Um marceneiro produz 15 cadeiras em um dia de trabalho, descontados os
custos de produção, venda e distribuição das cadeiras, etc. Porém, ao
final do dia, o operário recebe apenas o valor de oito cadeiras. Essa
diferença é a mais-valia; e vai para o bolso do patrão. É o lucro, que
faz com que o dono da empresa ganhe mais.

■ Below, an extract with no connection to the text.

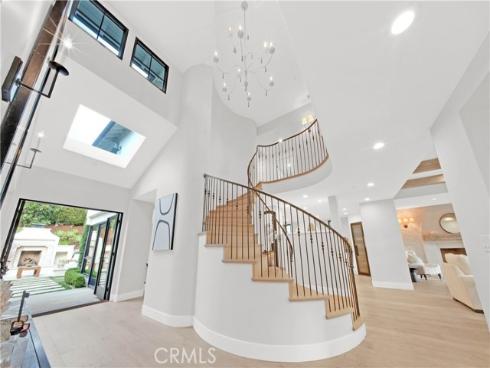 1807 Newport Hills Dr , Newport Beach, CA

Ao acompanhar a valorização exponencial dos empreendimentos 2.0 não dá
para deixar de pensar que há uma mais-valia sendo extraída. O modo como
ela funciona é algo a ser melhor entendido, porque a natureza da
produção cultural é outra. Mas, ao ver grandes portais abrindo espaço
para que os leitores construam o noticiário, porém sem dividir os
lucros do empreendimento, é o que vem à cabeça. Esse processo não é
necessariamente negativo, não pela abertura proporcionada. Só que esses
sites colaborativos não necessariamente são bens-comuns. A maior parte,
tendo como matéria-prima o tempo e o talento dos usuários, é um
empreendimento privado visando lucro.

Marx dizia que o operário recebe não o valor que produz, mas apenas o
necessário para que continue vivo e disposto a vender seu trabalho. O
usuário não ganha o acesso livre a todos aqueles bens culturais que
pode consumir (uso a palavra livre no sentido das liberdades do
software livre), recebe apenas o suficiente, em acesso, para continuar
a produzir naqueles espaços delimitados e de maneira complementar,
acessória. É possível ter espaços colaborativos que não extraiam essa
nova mais-valia (2.0). Um dos exemplos é a Wikipedia. Tudo o que está
lá tem licença livre e quem quiser copia e coloca em um site novo
(mantendo a licença livre). E é possível complementar e melhorar. Quem
primeiro tratou a informação desse modo foi o movimento do software
livre. Por mais que um monte de empresas lucrem com o código livre, uma
vez distribuído ele se torna apropriável por todos (pois o uso é livre
e a modificação também).

Isso reequilibra a relação. Forma-se uma espécie de base de
conhecimento sobre a qual todos os programadores podem trabalhar para
criar mais conhecimento, também livre. Certamente, a colaboração em
espaços que usam licenças livres rivaliza com os espaços de produção
proprietários. E ajuda a tornar o conhecimento da humanidade mais
livre, acessível e, muito além de ser mero produto para um consumidor
passivo, ponto de partida para mais produção livre.

Este texto é versão resumida, feita pelo
autor, de artigo editado na íntegra em
http://www.dicas-l.com.br/zonadecombate/zonadecombate_20070714.php.



(*) Jornalista e doutorando em Antropologia pela Unicamp. É um dos editores do blog www.observatorioverde.net.